It’s surprising, frustrating, and disappointing when our strengths, (“I’m so organized;” “I’m very decisive”), turn out to be our weaknesses (“He’s so compulsive!” “She’s so dictatorial!”). Do any of the following apply to you?
Career lesson #1: No one likes the smartest kid in the room if the smartest kid makes other kids look dumb.
When you’re launching your career it’s important to establish yourself as someone who is quick, bright, and eager to get the job done right. After you’ve gotten some experience under your belt, your employer and colleagues expect you to be a team player and individual contributor. As you continue to progress you’ll be asked to manage and mentor others. To be successful, you’ll need to shift your focus from being center stage to showcasing the talent of those you lead. Encourage them, reinforce their achievements, and give them the visibility they need to progress in their own right. Bottom line: The smartest kid in the class is the one who learns how to maximize the potential in others.
Career Lesson #2: Talk a good game but play a better one.
Talk is cheap.
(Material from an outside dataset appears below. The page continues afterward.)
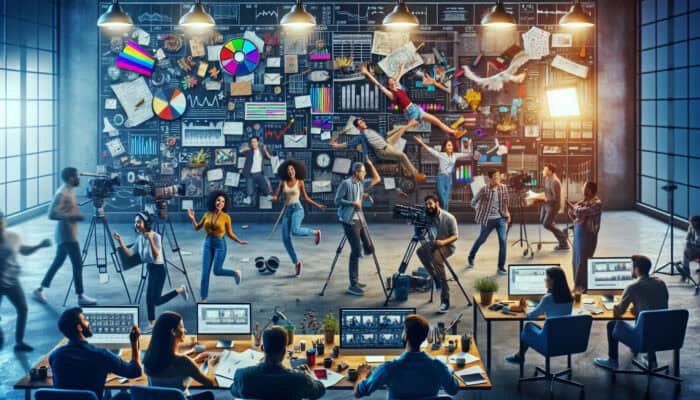 Vimeo Videos for Effective Professional Branding Enhancement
Walk is style. Performance is substance. You’ll need all three to succeed in any job. Bottom line: Under-promise and over-deliver.
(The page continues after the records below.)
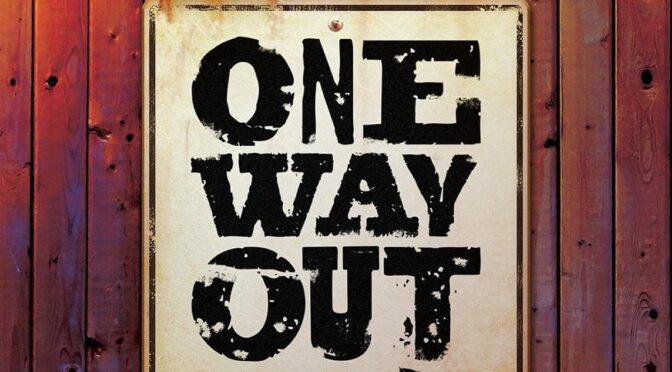 Vinilo de Melissa Etheridge – One Way Out (Black). LP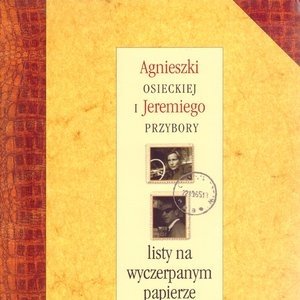 Magda Umer, Piotr Machalica 的头像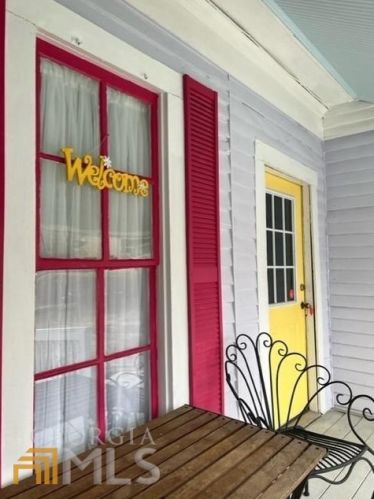 135 Glynn St, Fayetteville GA  30214-1619 exterior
Career Lesson #3: If you want to lose time, resources, and profitability, cut first, then measure.
Whether you’re the tinker, tailor, cabinet maker, or the CEO of a major company, you’ll need to access information available to you from sources that can provide it for you. If you don’t or won’t, you’ll squander time, talent and loyalty; qualities you and your company need to survive.
Career Lesson #4: The best communicators work at the intersection of Speaking, Listening, Reflecting, Probing and Responding.
Communication is a process through which information is exchanged. How clearly it is transmitted, how accurately it is translated, how well it is received and effectively responded to, are functions of the communicators involved. Good communication takes time, patience, courage, and compassion.
Career Lesson #5: Leaders manage and managers lead.
In a perfect world, leaders dedicate their time and attention to conceptualizing the vision and mission of their companies. They don’t concern themselves with the obstacles, pitfalls, and blind-spots to success; they leave those details to employees hired to look out for them.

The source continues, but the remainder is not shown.